> [INFORMATION PROVIDED]:
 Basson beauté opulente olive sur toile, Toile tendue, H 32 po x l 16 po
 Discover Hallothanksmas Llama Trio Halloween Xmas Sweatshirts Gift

---

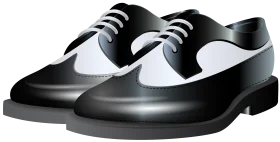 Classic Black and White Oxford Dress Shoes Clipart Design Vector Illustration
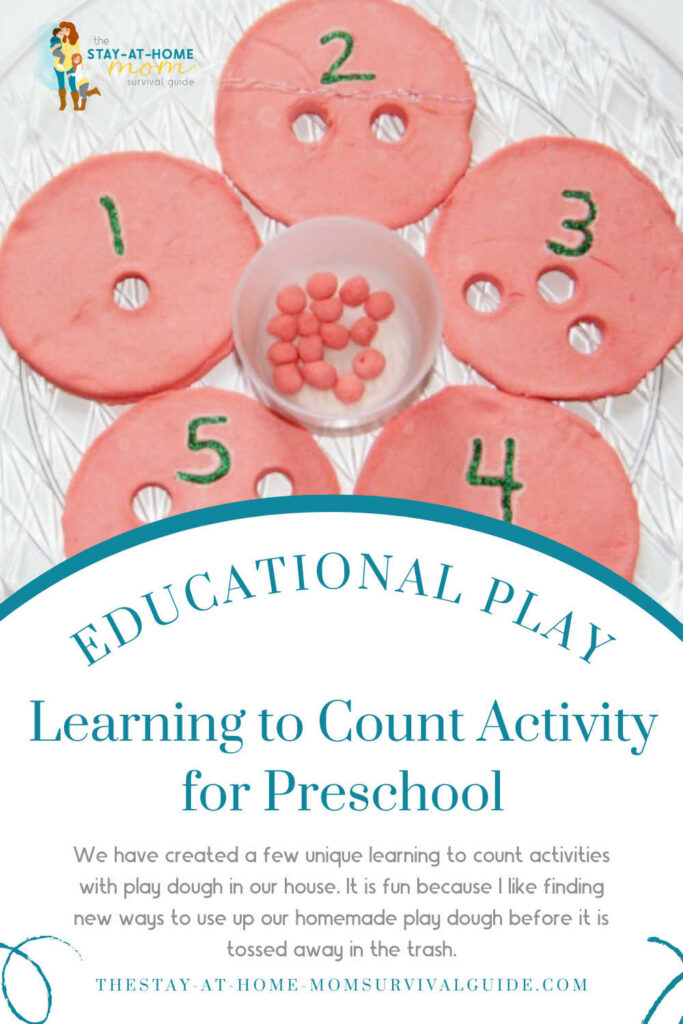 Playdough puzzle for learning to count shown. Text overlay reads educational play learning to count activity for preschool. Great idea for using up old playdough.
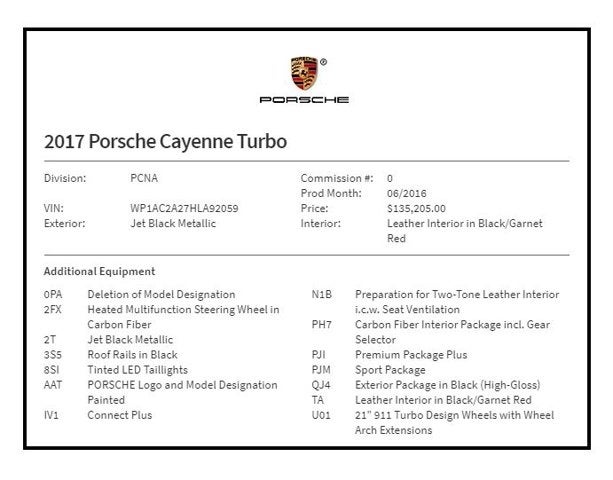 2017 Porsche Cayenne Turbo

> [EXERCISE OBJECTIVE]:
Within the listing above, give again exactly every line from the line with "Basson beauté opulente" through the line with "Discover Hallothanksmas Llama", both included, and no other line.

> [ANSWER BOX]:
 Basson beauté opulente olive sur toile, Toile tendue, H 32 po x l 16 po
 Discover Hallothanksmas Llama Trio Halloween Xmas Sweatshirts Gift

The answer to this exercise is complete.